**Task directions:**
Set down the material exactly as given, please, from its first line through the line that includes "2 Фотография поврежденного".

**Listed entries:**
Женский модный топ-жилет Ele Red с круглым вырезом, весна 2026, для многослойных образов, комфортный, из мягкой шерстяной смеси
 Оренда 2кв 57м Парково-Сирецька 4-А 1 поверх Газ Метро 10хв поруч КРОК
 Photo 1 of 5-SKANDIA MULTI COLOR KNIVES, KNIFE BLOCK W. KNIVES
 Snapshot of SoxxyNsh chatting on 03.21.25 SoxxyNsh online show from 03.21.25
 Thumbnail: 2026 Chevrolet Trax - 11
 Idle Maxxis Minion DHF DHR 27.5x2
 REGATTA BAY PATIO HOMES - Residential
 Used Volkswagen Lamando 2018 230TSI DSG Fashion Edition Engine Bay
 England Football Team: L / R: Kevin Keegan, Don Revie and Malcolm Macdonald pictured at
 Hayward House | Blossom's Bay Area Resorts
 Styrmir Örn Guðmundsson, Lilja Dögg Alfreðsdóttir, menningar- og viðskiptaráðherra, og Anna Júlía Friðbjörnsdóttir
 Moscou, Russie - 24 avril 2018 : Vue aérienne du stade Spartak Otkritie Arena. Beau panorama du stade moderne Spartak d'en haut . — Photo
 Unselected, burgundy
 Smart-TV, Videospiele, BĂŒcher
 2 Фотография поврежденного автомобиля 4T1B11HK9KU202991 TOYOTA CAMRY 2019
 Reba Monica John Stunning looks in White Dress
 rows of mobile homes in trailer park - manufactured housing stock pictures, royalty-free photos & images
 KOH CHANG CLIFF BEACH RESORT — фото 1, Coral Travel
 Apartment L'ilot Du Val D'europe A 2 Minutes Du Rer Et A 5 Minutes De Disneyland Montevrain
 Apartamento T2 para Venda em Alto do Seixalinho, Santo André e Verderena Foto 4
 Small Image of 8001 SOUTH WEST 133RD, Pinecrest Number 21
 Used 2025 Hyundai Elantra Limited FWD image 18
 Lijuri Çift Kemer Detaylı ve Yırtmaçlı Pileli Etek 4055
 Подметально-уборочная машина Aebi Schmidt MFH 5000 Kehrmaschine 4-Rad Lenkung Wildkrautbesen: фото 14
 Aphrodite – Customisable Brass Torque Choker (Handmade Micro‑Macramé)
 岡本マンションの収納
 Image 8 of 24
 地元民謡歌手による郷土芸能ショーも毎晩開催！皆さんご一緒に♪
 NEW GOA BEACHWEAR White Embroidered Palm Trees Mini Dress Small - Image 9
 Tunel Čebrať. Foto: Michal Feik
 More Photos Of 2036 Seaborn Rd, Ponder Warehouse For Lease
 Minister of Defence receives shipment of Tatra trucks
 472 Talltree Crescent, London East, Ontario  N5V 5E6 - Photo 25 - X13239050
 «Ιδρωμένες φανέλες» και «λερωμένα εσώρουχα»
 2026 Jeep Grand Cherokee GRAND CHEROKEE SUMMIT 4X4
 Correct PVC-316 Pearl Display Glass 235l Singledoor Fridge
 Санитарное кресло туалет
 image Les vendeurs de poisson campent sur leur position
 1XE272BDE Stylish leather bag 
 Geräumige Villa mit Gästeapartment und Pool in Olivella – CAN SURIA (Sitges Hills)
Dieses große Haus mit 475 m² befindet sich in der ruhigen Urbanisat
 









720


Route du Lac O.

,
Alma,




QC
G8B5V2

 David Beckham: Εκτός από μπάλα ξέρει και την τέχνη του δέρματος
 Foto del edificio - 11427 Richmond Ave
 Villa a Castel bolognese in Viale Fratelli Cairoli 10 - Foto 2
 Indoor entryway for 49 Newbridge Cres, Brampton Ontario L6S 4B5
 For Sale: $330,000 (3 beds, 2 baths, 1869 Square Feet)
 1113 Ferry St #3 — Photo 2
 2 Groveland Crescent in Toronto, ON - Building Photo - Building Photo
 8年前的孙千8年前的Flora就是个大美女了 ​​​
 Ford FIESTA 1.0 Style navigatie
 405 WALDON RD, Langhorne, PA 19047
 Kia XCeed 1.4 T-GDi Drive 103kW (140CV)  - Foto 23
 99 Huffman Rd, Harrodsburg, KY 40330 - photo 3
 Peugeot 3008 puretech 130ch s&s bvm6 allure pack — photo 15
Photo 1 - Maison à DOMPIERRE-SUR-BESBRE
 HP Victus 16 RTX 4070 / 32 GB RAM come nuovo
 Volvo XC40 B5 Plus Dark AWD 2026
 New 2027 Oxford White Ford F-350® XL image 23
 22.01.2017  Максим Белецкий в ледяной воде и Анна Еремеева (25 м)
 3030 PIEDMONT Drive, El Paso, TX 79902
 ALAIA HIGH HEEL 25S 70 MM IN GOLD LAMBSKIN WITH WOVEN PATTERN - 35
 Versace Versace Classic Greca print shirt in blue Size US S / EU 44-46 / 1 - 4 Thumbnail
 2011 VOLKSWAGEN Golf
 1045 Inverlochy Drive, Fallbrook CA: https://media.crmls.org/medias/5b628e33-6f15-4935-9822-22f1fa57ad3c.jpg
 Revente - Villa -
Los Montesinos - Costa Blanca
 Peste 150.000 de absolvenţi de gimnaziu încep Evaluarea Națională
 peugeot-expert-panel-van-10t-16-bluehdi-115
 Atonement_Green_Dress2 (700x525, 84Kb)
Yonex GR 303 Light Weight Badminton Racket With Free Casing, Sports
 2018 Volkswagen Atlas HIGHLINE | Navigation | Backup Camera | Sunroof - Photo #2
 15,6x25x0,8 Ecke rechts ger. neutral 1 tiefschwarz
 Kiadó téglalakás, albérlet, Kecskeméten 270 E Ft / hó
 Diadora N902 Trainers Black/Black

**Exercise solution:**
Женский модный топ-жилет Ele Red с круглым вырезом, весна 2026, для многослойных образов, комфортный, из мягкой шерстяной смеси
 Оренда 2кв 57м Парково-Сирецька 4-А 1 поверх Газ Метро 10хв поруч КРОК
 Photo 1 of 5-SKANDIA MULTI COLOR KNIVES, KNIFE BLOCK W. KNIVES
 Snapshot of SoxxyNsh chatting on 03.21.25 SoxxyNsh online show from 03.21.25
 Thumbnail: 2026 Chevrolet Trax - 11
 Idle Maxxis Minion DHF DHR 27.5x2
 REGATTA BAY PATIO HOMES - Residential
 Used Volkswagen Lamando 2018 230TSI DSG Fashion Edition Engine Bay
 England Football Team: L / R: Kevin Keegan, Don Revie and Malcolm Macdonald pictured at
 Hayward House | Blossom's Bay Area Resorts
 Styrmir Örn Guðmundsson, Lilja Dögg Alfreðsdóttir, menningar- og viðskiptaráðherra, og Anna Júlía Friðbjörnsdóttir
 Moscou, Russie - 24 avril 2018 : Vue aérienne du stade Spartak Otkritie Arena. Beau panorama du stade moderne Spartak d'en haut . — Photo
 Unselected, burgundy
 Smart-TV, Videospiele, BĂŒcher
 2 Фотография поврежденного автомобиля 4T1B11HK9KU202991 TOYOTA CAMRY 2019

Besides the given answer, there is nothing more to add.